Les patientèles de médecins généralistes se vendent-elles toujours ? Beaucoup moins bien que par le passé, voire plus du tout dans certains endroits. Ceux qui dévissent leur plaque… sont payés pour le savoir ! Pour autant, ces listes de patients représentent-elles toujours un élément du patrimoine des généralistes ? Existe-il des critères spécifiques favorisant leur revente ? Tour d’horizon du bénéfice potentiel des futurs retraités.

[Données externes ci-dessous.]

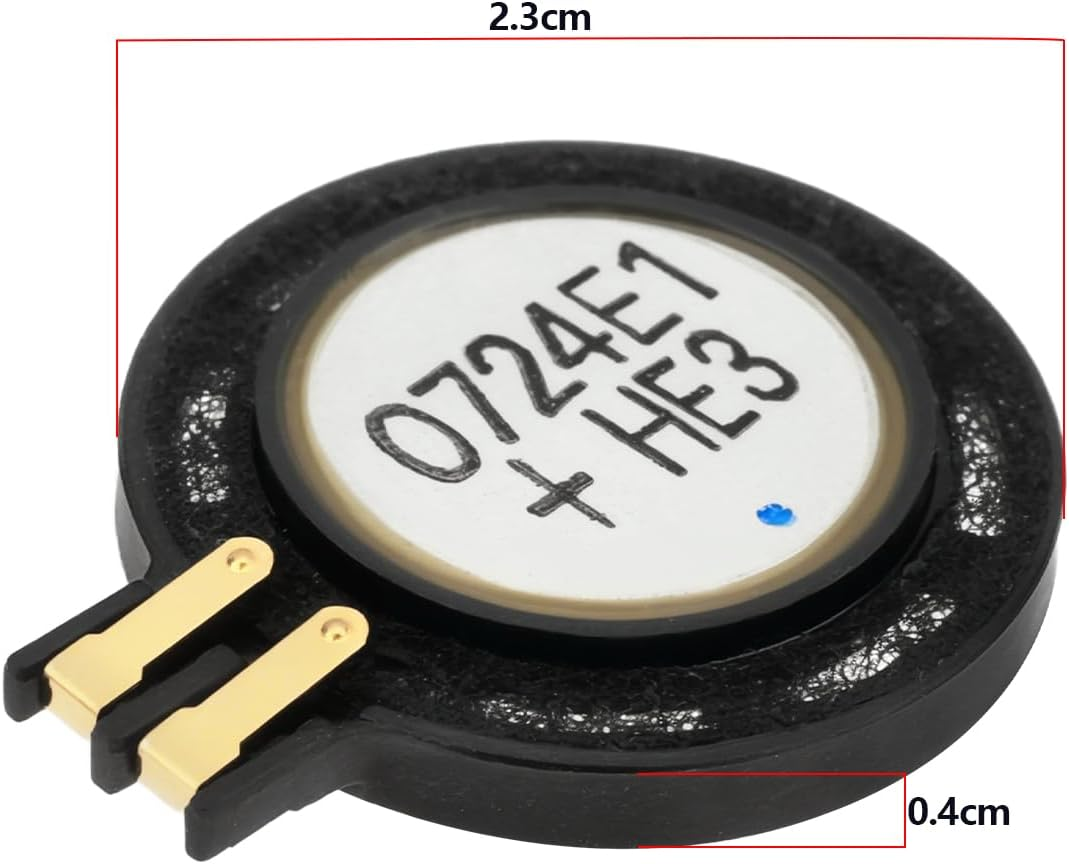 Ecsing 2Pcs Replacement Internal Speaker 2.3X0.4Cm, Compatible with Gameboy Advance SP, Black image number 1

L’absence de données chiffrées rend difficile l’estimation du nombre de patientèles vendues annuellement en France. Mais il semble loin le temps où les médecins généralistes partaient en retraite avec en poche un pécule confortable lié à la valeur de leur carnet d’adresses, où l’on pouvait lire sur les plaques : “Dr X, successeur du Dr Y”. Plus vraiment question, donc, de compter sur la revente de sa patientèle pour arrondir sa retraite.

Luc Fialletout, directeur général d’Interfimo, qui finance les professions libérales depuis près de 50 ans, est peu encourageant : « Il est impossible pour la majorité des praticiens de céder leur cabinet à un successeur ». Ce spécialiste assure que les conséquences sont lourdes pour les médecins en fin de carrière qui comptaient sur ce capital pour améliorer leur retraite. À tel point que certains d’entre eux ont même des difficultés à revendre leurs locaux professionnels ou mixtes.

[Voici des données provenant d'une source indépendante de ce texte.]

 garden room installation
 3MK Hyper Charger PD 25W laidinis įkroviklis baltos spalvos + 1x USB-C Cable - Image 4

D’après une étude Interfimo publiée en janvier 2016 sur le prix de cession d’une centaine de cabinets médicaux (1), leur valeur vénale a sérieusement chuté en quelques années. Aujourd’hui, le prix de cession s’inscrit dans une fourchette de 26 à 61 % du chiffre d’affaires annuel. Les généralistes qui parviennent à céder leur cabinet vendraient mieux s’il est situé dans la moitié sud et ensoleillée de l’Hexagone. Les taux de transaction les plus élevés concernent en effet le Sud-Ouest et le Sud-Est, ailleurs, certaines ventes se négocient à moins de 15 % du CA !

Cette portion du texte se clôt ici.